WORK REQUIRED | Reproduce nothing but the closing run of lines: the line with "Teal TV Stand" and each line that follows it to the end of the data.

[Data items]

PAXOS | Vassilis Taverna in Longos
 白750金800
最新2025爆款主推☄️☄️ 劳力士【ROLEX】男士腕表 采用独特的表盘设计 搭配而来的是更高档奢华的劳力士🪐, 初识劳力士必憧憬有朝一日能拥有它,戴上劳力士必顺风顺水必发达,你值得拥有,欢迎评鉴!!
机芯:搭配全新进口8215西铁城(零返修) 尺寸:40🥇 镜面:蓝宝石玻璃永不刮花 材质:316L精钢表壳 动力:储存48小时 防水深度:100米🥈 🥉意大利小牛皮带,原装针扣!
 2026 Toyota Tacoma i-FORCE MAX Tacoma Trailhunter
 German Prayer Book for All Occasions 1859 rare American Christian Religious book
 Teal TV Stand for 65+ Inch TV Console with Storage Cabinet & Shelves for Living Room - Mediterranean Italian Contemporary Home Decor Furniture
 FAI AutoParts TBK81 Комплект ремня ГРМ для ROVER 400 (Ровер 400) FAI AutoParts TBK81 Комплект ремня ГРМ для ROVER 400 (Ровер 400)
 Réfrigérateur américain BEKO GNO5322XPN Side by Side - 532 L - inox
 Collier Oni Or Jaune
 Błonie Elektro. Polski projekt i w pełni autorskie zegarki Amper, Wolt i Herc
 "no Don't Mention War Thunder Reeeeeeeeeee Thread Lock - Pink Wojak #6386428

ANSWER BOX |
 Teal TV Stand for 65+ Inch TV Console with Storage Cabinet & Shelves for Living Room - Mediterranean Italian Contemporary Home Decor Furniture
 FAI AutoParts TBK81 Комплект ремня ГРМ для ROVER 400 (Ровер 400) FAI AutoParts TBK81 Комплект ремня ГРМ для ROVER 400 (Ровер 400)
 Réfrigérateur américain BEKO GNO5322XPN Side by Side - 532 L - inox
 Collier Oni Or Jaune
 Błonie Elektro. Polski projekt i w pełni autorskie zegarki Amper, Wolt i Herc
 "no Don't Mention War Thunder Reeeeeeeeeee Thread Lock - Pink Wojak #6386428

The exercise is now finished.